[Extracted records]
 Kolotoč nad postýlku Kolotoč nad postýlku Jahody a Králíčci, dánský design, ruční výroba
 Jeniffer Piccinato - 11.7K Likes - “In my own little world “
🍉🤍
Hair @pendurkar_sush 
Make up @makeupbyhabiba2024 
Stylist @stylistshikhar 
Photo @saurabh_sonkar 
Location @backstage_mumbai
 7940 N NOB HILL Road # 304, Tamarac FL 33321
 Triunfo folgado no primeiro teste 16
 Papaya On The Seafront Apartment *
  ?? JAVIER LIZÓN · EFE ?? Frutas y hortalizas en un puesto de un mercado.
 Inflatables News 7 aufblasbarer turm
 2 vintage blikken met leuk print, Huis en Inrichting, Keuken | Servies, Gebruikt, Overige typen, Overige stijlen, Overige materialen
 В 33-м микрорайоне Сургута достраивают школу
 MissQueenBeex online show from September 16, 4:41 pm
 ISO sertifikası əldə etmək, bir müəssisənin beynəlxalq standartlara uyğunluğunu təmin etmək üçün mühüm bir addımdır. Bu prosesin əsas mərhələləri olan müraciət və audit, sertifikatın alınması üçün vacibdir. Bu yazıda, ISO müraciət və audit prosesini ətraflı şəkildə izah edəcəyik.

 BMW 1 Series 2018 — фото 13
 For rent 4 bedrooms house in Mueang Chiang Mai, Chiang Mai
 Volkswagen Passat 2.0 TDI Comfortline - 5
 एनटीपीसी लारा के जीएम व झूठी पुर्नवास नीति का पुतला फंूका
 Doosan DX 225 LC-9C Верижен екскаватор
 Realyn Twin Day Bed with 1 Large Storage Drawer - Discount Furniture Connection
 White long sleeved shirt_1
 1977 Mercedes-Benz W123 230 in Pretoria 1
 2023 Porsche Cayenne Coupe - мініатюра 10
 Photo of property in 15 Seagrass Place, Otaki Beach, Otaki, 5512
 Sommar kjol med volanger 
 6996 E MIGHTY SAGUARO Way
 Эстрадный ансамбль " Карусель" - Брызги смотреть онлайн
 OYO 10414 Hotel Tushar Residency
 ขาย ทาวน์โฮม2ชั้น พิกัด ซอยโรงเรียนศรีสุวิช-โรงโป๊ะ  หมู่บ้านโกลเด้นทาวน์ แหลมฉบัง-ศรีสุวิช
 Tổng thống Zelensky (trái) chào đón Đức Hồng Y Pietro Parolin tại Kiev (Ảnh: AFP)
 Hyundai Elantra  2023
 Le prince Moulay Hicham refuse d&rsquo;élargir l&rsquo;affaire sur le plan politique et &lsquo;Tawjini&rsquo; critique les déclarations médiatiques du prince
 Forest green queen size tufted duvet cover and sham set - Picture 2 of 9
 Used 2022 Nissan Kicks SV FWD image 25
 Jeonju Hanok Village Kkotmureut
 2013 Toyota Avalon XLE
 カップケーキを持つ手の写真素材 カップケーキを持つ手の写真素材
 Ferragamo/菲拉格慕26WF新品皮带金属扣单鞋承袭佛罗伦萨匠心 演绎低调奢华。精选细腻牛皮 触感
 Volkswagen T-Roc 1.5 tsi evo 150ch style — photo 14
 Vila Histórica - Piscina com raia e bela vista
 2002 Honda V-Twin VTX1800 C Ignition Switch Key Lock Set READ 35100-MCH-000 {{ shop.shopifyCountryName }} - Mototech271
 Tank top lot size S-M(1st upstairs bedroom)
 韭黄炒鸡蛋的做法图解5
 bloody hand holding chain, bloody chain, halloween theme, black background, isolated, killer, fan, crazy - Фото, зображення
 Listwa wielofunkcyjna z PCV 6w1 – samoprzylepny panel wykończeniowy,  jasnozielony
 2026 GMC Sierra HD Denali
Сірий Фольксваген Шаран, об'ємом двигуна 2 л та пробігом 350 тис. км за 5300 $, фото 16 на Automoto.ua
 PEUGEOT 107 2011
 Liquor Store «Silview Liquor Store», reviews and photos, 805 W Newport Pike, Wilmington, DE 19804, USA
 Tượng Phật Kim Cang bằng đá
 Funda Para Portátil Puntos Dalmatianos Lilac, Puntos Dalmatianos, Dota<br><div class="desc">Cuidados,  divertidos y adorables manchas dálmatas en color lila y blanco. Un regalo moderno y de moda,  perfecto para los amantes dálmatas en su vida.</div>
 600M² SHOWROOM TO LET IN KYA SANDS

## [YOUR ASSIGNMENT]
The lines above from the one with "6996 E MIGHTY SAGUARO Way" through the one with "Le prince Moulay" are to be duplicated exactly, ends included, with nothing added.

## [RESULT FOR THIS TASK]
 6996 E MIGHTY SAGUARO Way
 Эстрадный ансамбль " Карусель" - Брызги смотреть онлайн
 OYO 10414 Hotel Tushar Residency
 ขาย ทาวน์โฮม2ชั้น พิกัด ซอยโรงเรียนศรีสุวิช-โรงโป๊ะ  หมู่บ้านโกลเด้นทาวน์ แหลมฉบัง-ศรีสุวิช
 Tổng thống Zelensky (trái) chào đón Đức Hồng Y Pietro Parolin tại Kiev (Ảnh: AFP)
 Hyundai Elantra  2023
 Le prince Moulay Hicham refuse d&rsquo;élargir l&rsquo;affaire sur le plan politique et &lsquo;Tawjini&rsquo; critique les déclarations médiatiques du prince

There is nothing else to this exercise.